Performance Optimization Tips¶
Strategies to speed up PyTorch training and inference.
🚀 Data Loading Optimization¶
1. Use Multiple Workers¶
from torch.utils.data import DataLoader
# Slow - single worker
loader = DataLoader(dataset, batch_size=32, num_workers=0)
# Fast - multiple workers
loader = DataLoader(
dataset,
batch_size=32,
num_workers=4, # Use 4 CPU cores
pin_memory=True, # Speed up CPU->GPU transfer
prefetch_factor=2 # Prefetch 2 batches per worker
)
Finding optimal num_workers:
import time
for num_workers in [0, 2, 4, 8]:
loader = DataLoader(dataset, batch_size=32, num_workers=num_workers)
start = time.time()
for i, (data, target) in enumerate(loader):
if i >= 100:
break
print(f"num_workers={num_workers}: {time.time()-start:.2f}s")
2. Pin Memory¶
# Enable pin_memory for faster data transfer to GPU
loader = DataLoader(dataset, batch_size=32, pin_memory=True)

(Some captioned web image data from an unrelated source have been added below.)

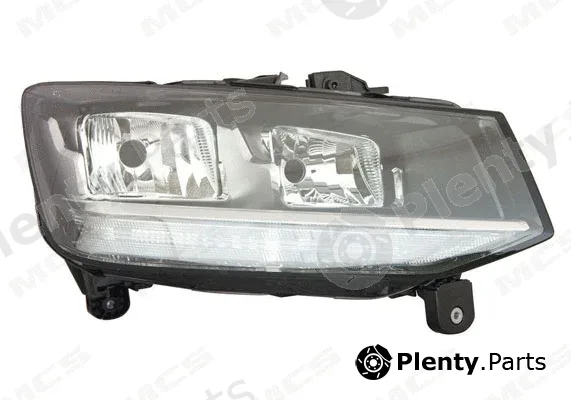 MCS 321642 — Headlight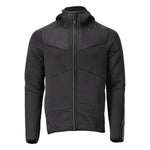 Fleece Kapuzensweatshirt mit Reißverschluss 22603-681 - MELTEC GmbH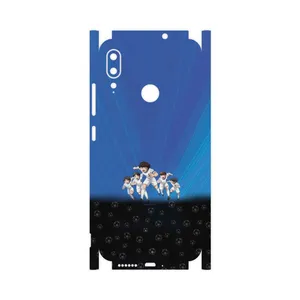 MAHOOT Ganbare Kikkazu-FullSkin Cover Sticker for Motorola Moto E6 Plus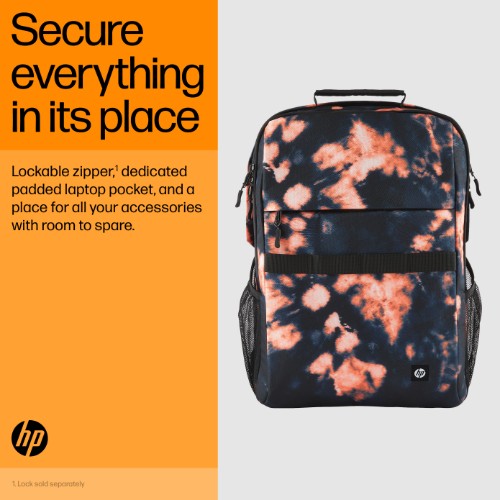 HP Campus XL Tie Dye Backpack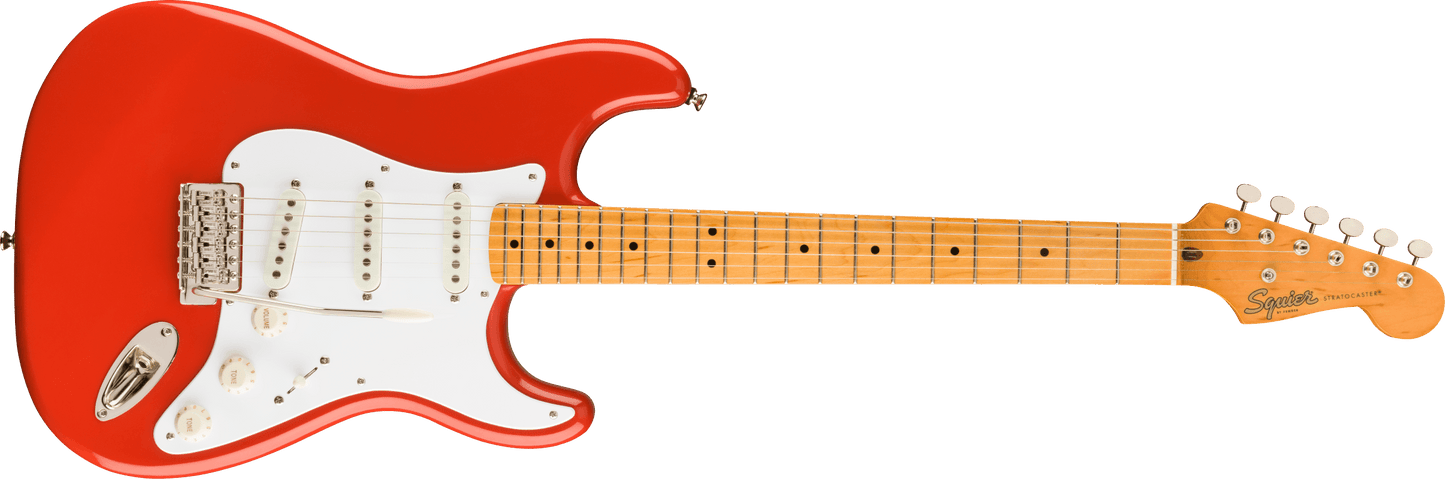 Fender Squier Classic Vibe '50s Stratocaster - Fiesta Red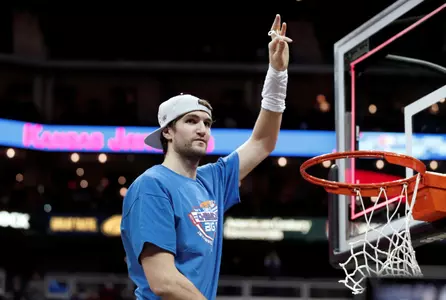 Kansas Continues Big 12 Dominance; Wins Title, 70-54 Image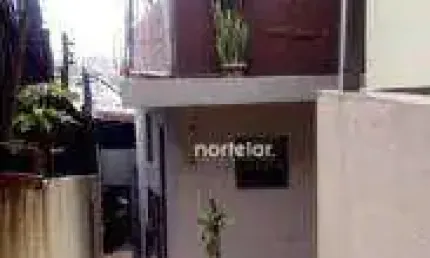 Casa com 4 dormitórios à venda, 234 m² - Brasilândia - São Paulo/SP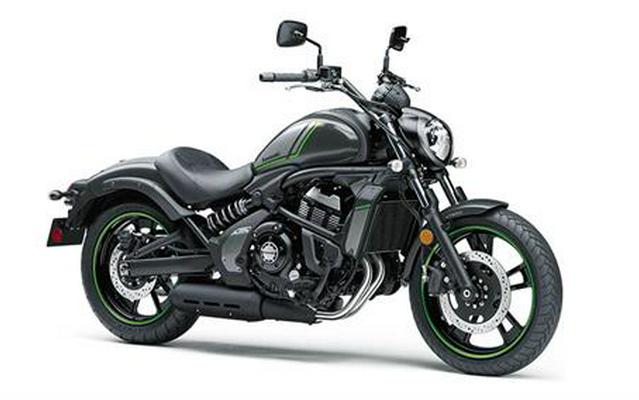 2022 Kawasaki Vulcan S ABS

# Use non_blocking transfer
for data, target in loader:
data = data.to(device, non_blocking=True)
target = target.to(device, non_blocking=True)
3. Data Prefetching¶
class DataPrefetcher:
def __init__(self, loader):
self.loader = iter(loader)
self.stream = torch.cuda.Stream()
self.preload()
def preload(self):
try:
self.next_input, self.next_target = next(self.loader)
except StopIteration:
self.next_input = None
self.next_target = None
return
with torch.cuda.stream(self.stream):
self.next_input = self.next_input.cuda(non_blocking=True)
self.next_target = self.next_target.cuda(non_blocking=True)
def next(self):
torch.cuda.current_stream().wait_stream(self.stream)
input = self.next_input
target = self.next_target
self.preload()
return input, target
# Usage
prefetcher = DataPrefetcher(train_loader)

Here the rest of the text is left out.